··· DATASET EXCERPT ···
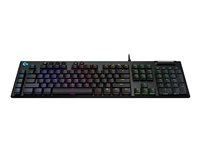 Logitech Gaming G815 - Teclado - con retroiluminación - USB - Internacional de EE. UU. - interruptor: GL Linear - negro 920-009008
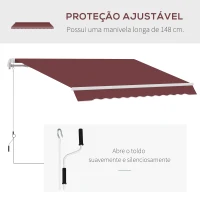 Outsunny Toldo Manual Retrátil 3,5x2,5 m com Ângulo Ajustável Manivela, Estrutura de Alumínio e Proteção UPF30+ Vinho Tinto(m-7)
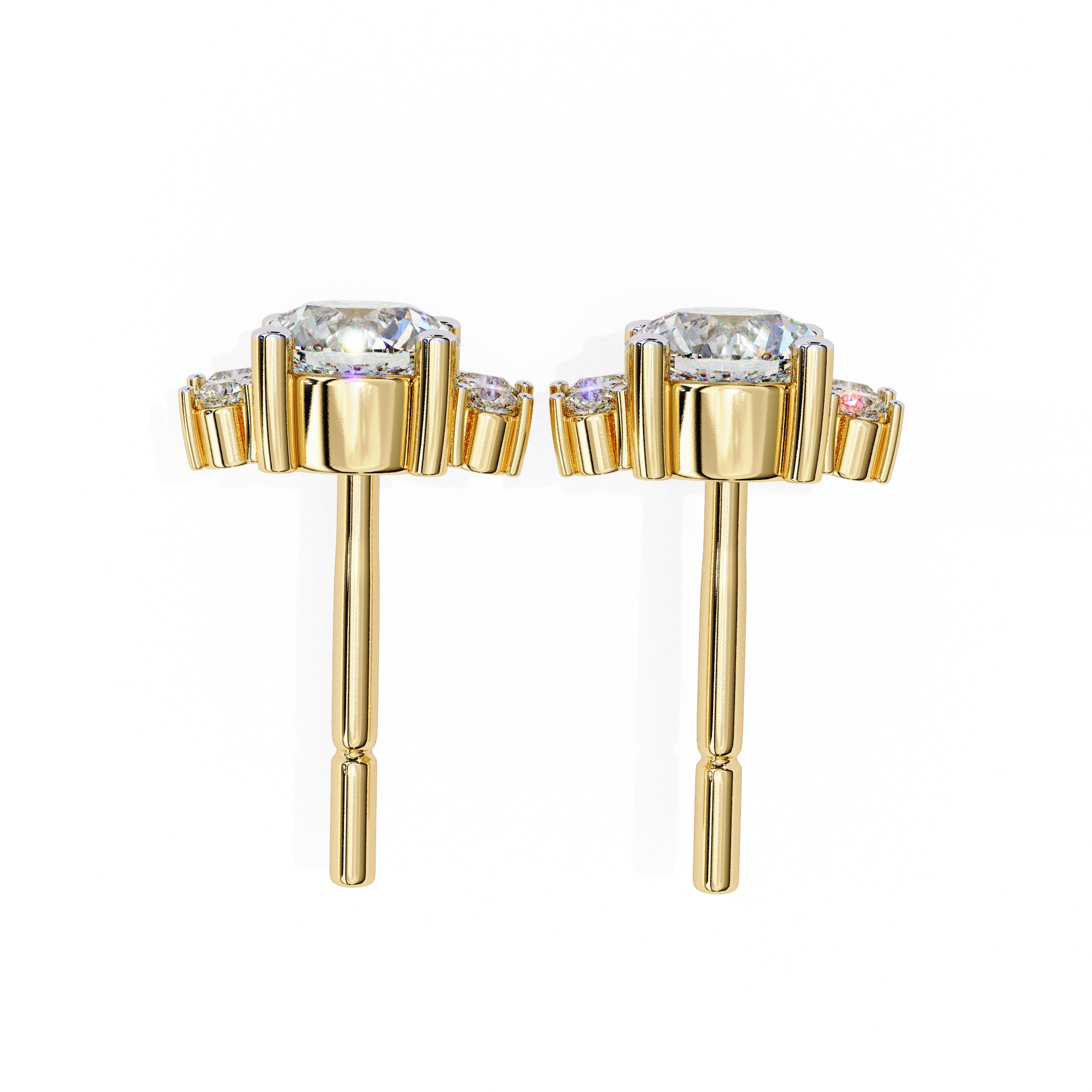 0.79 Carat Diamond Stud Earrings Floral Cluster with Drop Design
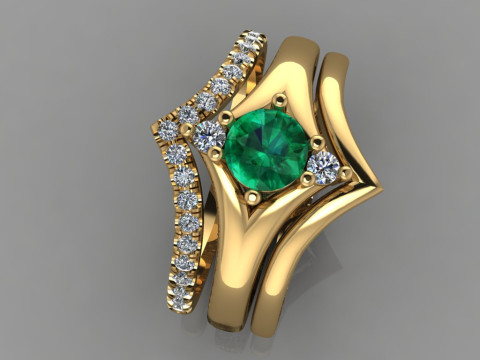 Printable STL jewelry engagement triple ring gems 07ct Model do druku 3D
···
» **ABOUT THIS EXERCISE**
Starting at the line that contains "Outsunny Toldo Manual", restate each line verbatim through the final line of the listing, skipping all pictures.

» **YOUR SOLUTION**
 Outsunny Toldo Manual Retrátil 3,5x2,5 m com Ângulo Ajustável Manivela, Estrutura de Alumínio e Proteção UPF30+ Vinho Tinto(m-7)
 0.79 Carat Diamond Stud Earrings Floral Cluster with Drop Design
 Printable STL jewelry engagement triple ring gems 07ct Model do druku 3D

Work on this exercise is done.